**WHAT YOU HAVE TO DO**
Write out the listing below exactly, and omit any images you find in it.
---------- GIVEN INFORMATION
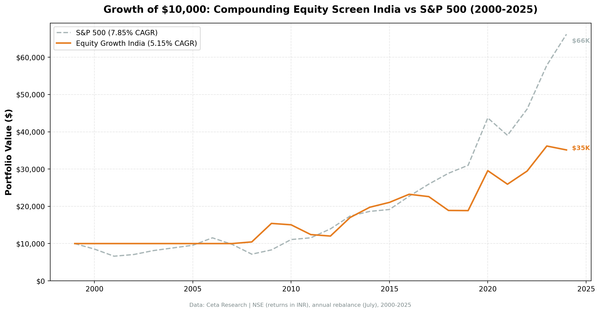 Growth of $10,000 invested in the Compounding Equity Screen India vs Sensex from 2000 to 2025.
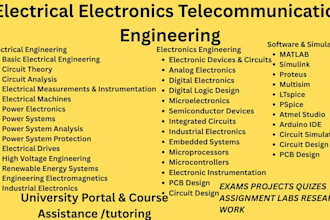be your tutor for electrical electronics and telecommunication engineering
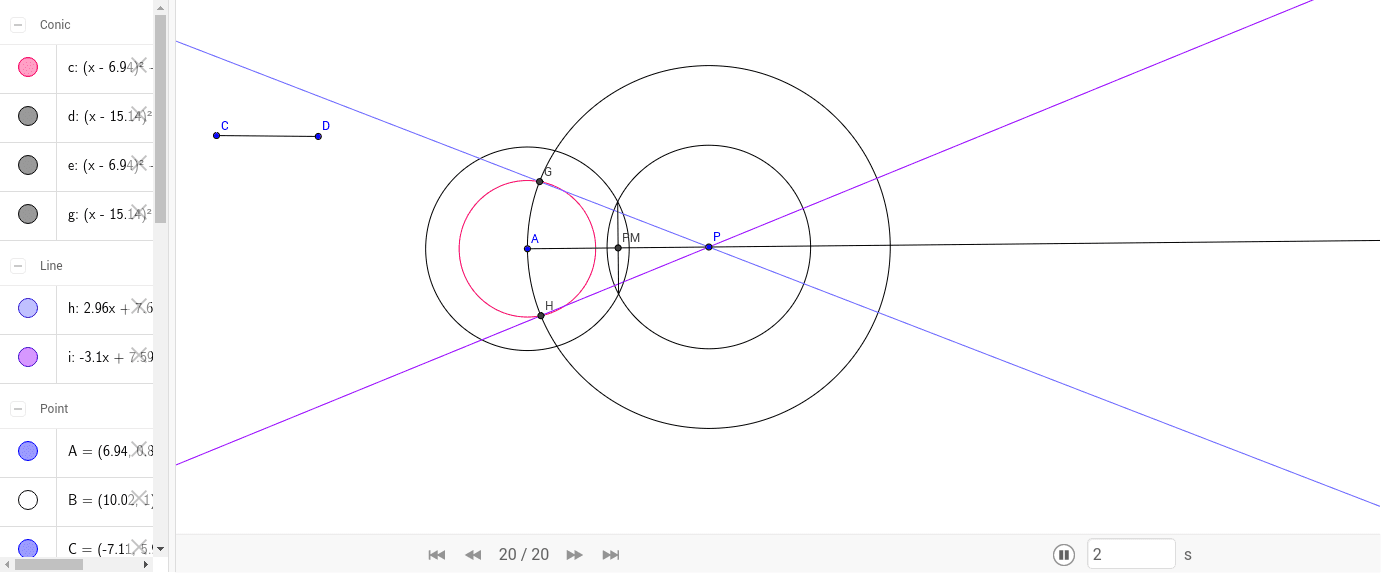 GeoGebra Applet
--------------------
**RESPONSE TO THE TASK**
 Growth of $10,000 invested in the Compounding Equity Screen India vs Sensex from 2000 to 2025.
be your tutor for electrical electronics and telecommunication engineering
 GeoGebra Applet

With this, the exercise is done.